= REQUIRED WORK =
Track down each line below containing the string "Blvd" and copy it.

Records excerpted from a collection:
________
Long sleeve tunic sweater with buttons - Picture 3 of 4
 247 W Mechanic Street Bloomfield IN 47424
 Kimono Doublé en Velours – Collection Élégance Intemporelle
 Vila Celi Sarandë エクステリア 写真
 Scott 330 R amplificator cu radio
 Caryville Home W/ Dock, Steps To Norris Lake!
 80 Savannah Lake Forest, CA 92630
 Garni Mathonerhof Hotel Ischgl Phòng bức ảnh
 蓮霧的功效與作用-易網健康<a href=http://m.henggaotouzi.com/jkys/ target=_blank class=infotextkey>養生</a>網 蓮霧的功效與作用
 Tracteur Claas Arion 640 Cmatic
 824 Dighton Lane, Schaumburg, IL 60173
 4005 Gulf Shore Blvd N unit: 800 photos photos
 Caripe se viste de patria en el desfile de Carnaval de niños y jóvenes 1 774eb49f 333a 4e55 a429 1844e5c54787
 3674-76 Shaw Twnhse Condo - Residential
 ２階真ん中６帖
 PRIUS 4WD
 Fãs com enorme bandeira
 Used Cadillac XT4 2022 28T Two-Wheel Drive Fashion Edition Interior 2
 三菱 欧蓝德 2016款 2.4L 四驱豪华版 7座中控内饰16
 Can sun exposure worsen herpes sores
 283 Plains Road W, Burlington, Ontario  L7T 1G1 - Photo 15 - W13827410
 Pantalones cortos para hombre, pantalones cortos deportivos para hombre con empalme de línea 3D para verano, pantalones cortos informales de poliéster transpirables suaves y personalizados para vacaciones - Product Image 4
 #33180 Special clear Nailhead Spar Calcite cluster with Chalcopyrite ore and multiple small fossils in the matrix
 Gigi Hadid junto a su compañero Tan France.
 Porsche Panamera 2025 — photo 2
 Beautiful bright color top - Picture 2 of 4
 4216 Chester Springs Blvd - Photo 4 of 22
________
= ANSWER SECTION =
 4005 Gulf Shore Blvd N unit: 800 photos photos
 4216 Chester Springs Blvd - Photo 4 of 22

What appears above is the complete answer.